Caberto Conelli, a sportsman in love with the Targa Florio
by Adolfo Orsi



Salò, Circuito del Garda 1925

Caberto Conelli (sulla sinistra) conversa con Renato Balestrero prima della gara: sullo sfondo la T13 n.11 di Gino Compagnoni

The Targa Florio has been the unforgiving test for motor racing drivers and cars alike. Caberto Conelli, an Italian driver now largely forgotten, was one of the heroes of this race between 1927 and 1930, coming second on one occasion, and third on two. Given his association with Bugatti, and thanks to the documents made available by his family, we take this opportunity to remember him and pay tribute to his career.
Carlo Alberto Conelli de Prosperi was born at Belgirate on the 26th of August, 1889. His father Carlo was a Piedmontese diplomat with upper class background. His mother Anna Bracorens di Savoiroux came from a noble family of Savoiard origins and of military background. Carlo, who died in 1895, had six children: four girls, Carlo Alberto (Caberto) and his older brother Francesco, who shares the same birthday, as he was also born on the 26th of August, but three years earlier. They spend an idyllic youth between Turin and the beautiful villas on Lake Maggiore owned by the family, at Belgirate and Villa Lesa, where they are keen sailors and become passionate about motor-boats.
They are also familiar with cars; the husband of Carla, one of the sisters, is Alfonso Ferrero di Ventimiglia, one of the founder members of Fiat. The most prestigious cars of the time were used to tour around the most famous European tourist spots.
Before the war, Francesco, also called Franz, has the Cantieri Teroni build the motor-boat ‘Sciata’, equipped with a 300HP Fiat engine, which goes on to beat the speed world record at Montecarlo.
Motors are also an attraction for Caberto who, after taking part in the Macedonian war as a chauffeur, obtains his pilot license in 1917. He then becomes member of the Squadriglia Baracca, bringing down four enemy planes and earning a silver and a bronze medal and the Japanese decoration of the ‘Sol Levante’ (Rising Sun)
In 1919 Franz opens the way to car racing for Caberto by taking part in the Parma – Poggio di Berceto uphill race, where he qualifies first in his class. On the same day also Enzo Ferrari has his first race.
Caberto’s first race is the Aosta – Gran San Bernardo hill climb on the 29th of September, 1920. His car is a F.A.S.T. (Fabbrica Auto Sport Torino ), arriving first overall. This is a good omen for his career, though it is Franz who is more active in the years between 1920 and 1922. In 1921 in Brescia he brings the Diatto-Bugatti, also called the Diatto Type 30, to victory in the preliminary races of the 1st Italian Grand Prix.
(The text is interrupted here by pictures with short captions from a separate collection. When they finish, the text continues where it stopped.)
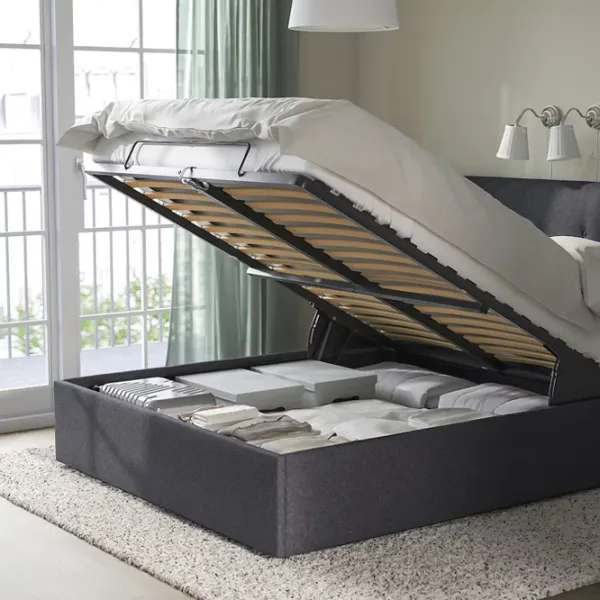 Кровать Ikea Idanas 140 x 200 см / Шпон / Серый photo 2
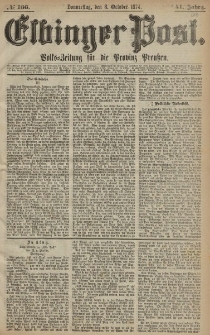 Elbinger Post, Nr. 166, Donnerstag 8 Oktober 1874, 41 Jh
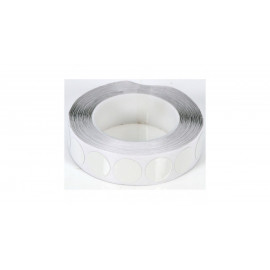 Disques adhésifs en polyester/aluminium B-G Racing rouleau de 1000 pièces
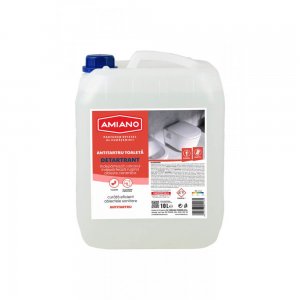 Detartrant Toaleta Ceramica Amiano, 10L, Produse Anti- Tartru, Detartrant Lichid pentru Toaleta, Detartrant Lichid pentru Baie, Produse Curatenie Vas Toaleta, Produse pentru Curatarea Baii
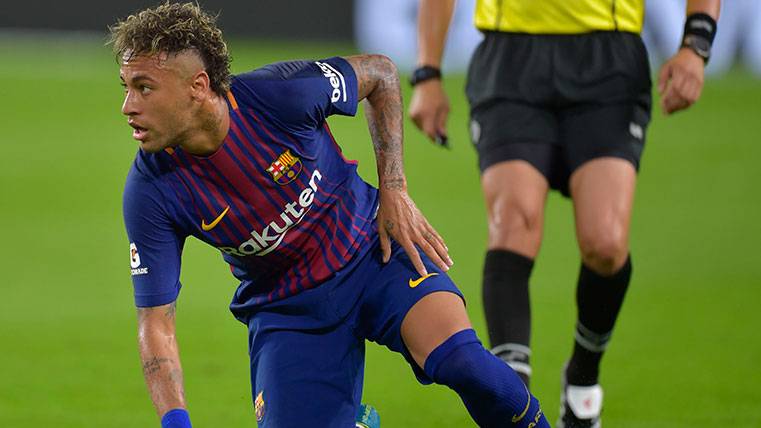 Neymar In an action during the Classical of Miami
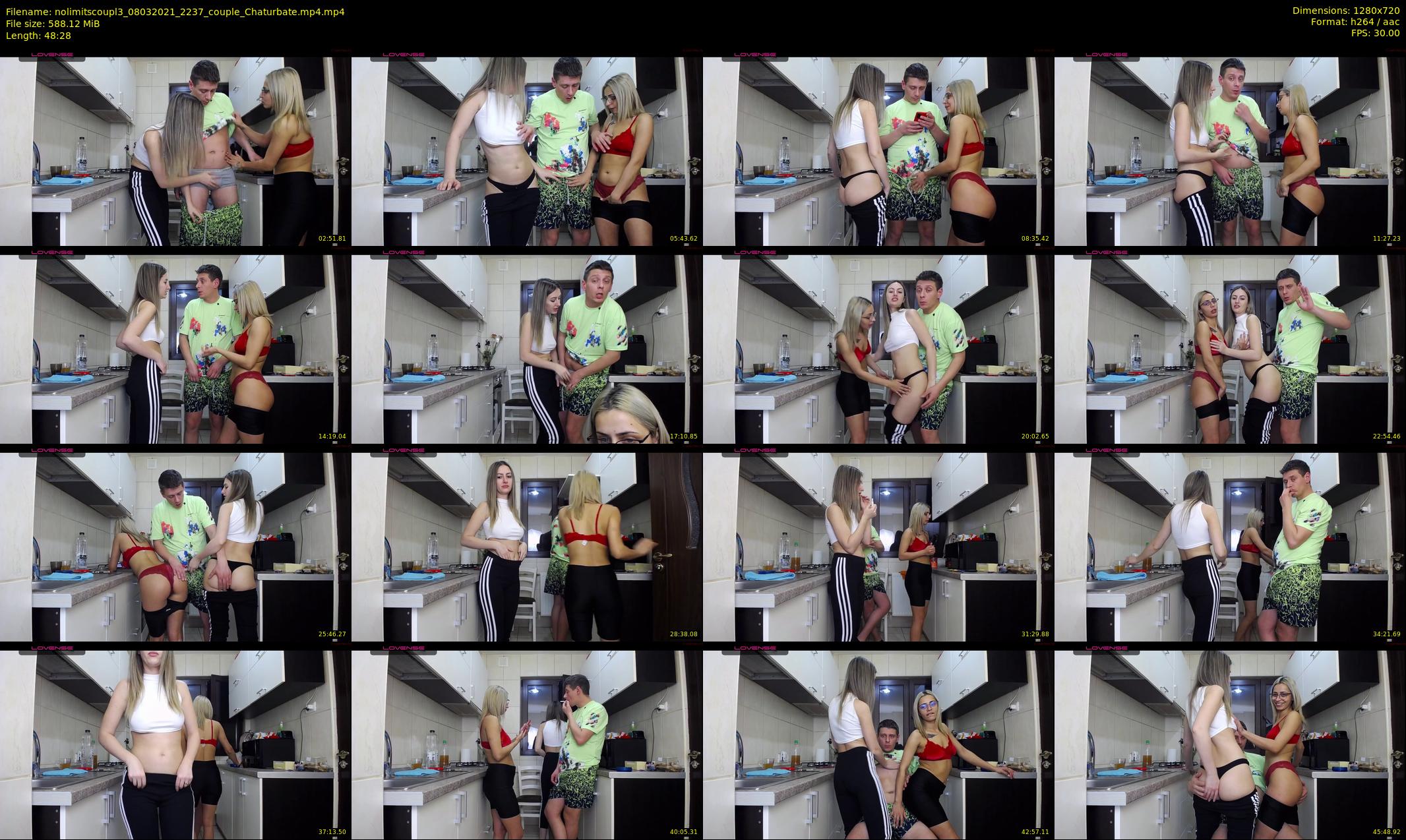 nolimitscoupl3 — 49 minute Chaturbate couple cam show recording, 720p, Mar 8, 2021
The car is first in class up to 2.000 cc in the flying kilometre, with a speed over 119 Km/h, and repeated the success a few days later at the Grand Prix Voiturette Gentlemen. The newspapers of the time asserted that only the car’s 16 valve engine, ‘built on license in Turin’, is a Bugatti, but the truth is revealed in the photographs which clearly show that also the chassis, most likely of the T22, is Bugatti designed, if not in fact arriving directly from Molsheim. This would explain the interested presence of Ettore Bugatti, who assisted in Brescia at the great ‘en plein’ 1-2-3-4 of his T 13s in the Grand Prix Voiturettes, also at the pits of Franz Conelli.
In 1922 Franz won the Parma- Poggio di Berceto on a Ballot and at the end of the season he retires from racing, taking the wheel only once again in 1925 in the Circuito del Garda with a T 35. From then on Franz becomes involved with the administration of the family affairs following his younger brother’s sporting activities.
For the 1923 season Caberto bought an Amilcar, with which he is placed favorably in the ‘voiturette’ category.
Following in the footsteps of Count Masetti, in 1925 Caberto becomes official driver of the S.T.D. group (Sunbeam, Talbot, Darracq) and in that season only races abroad. He makes his debut at Miramas with the Talbot ‘voiturette’ and comes a good second. On the 17th May 1925 at Montlhery, trying to pass with his little Talbot Duller who was preceding him, Caberto zigzags erratically on the winning straight hitting the fence three times and is thrown out of his car which however manages to pass the finishing line and thus comes second.